Amanda Wren Wagstaff
Mixed Media Artist
“For me, 2016 will be a year split between Ireland and Virginia. I’m currently living in Dublin as a Fulbright Research Fellow. My work here is building on foundations I set last year during my New City Arts residency in Charlottesville. I’m researching medieval Irish monastic practices, specifically the preservation and interpretation of knowledge through manuscript transcription and the practice of spiritual pilgrimage. I’ve also been focusing more on textile history and craft, and the parallel practical and spiritual aspects of textile objects. I’m currently working on two new projects that combine spinning, sewing, writing and found/scrounged materials.
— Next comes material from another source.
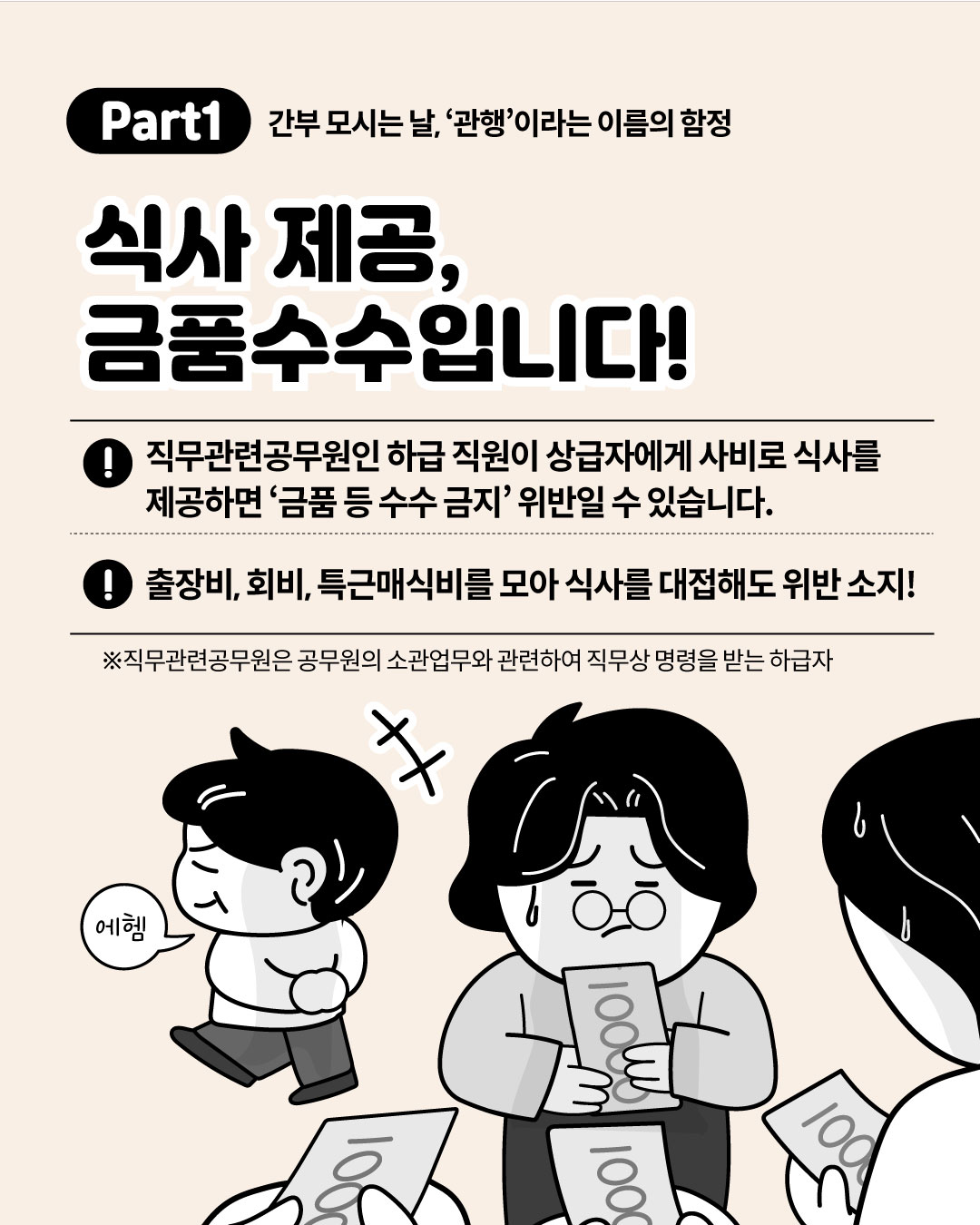 Part1 간부 모시는 날, 관행이라는 이름의 함정 - 식사 제공, 금품수수입니다! 직무관련공무원인 하급 직원이 상급자에게 사비로 식사를 제공하면 금품 등 수수 금지 위반일 수 있으며 출장비, 회비, 특근매식비를 모아 대접해도 위반 소지가 있다는 안내와 함께 사비로 돈을 모으는 직원들의 일러스트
“In June, I will return to Charlottesville with all the physical and intellectual baggage of this research trip. My time here in Ireland has made me realize how attached I am to Virginia, and I hope to continue my research to find ways to connect my work to the local history and material culture of my home state.”
Keith Alan Sprouse
“For 2016, I’ll be focusing on two projects. First off, I’ll be preparing and showing images from my work with Charlottesville Ballet. I’ve been photographing them over the past couple of years, capturing both the hard work they put in day in and day out behind the scenes and the amazing public performances that result. Second, I’m in the planning stages of my second documentary project in collaboration with The Bridge PAI, which I’ll be working on this spring and summer, and showing at the Bridge this fall.”
“In 2016, I hope to create a new series of small angular sculptures, make large outdoor pieces and experiment with new materials.”
“I will be working on the largest and most challenging show that I’ve ever done. This show, tentatively titled ‘Grid,’ will consist of 60 pieces arranged in various grid formations. The grid approach gives me the opportunity to explore variations in scale and repetition, which have historically been staples in pop art. Haley Fine Art in Sperryville, Virginia, will host the show in October.”
Mixed Media Artist
“My hope is to continue working with image transfers and lifts but to evolve my technique by using more Fuji instant film and creating more mixed media pieces using encaustic. I believe this is an important aspect of creating, experimenting and learning how to be creative within your own creative discipline. I see this practice helping me become a more flexible person, which on a larger scale hopefully helps me be a better human in this ever-changing world.”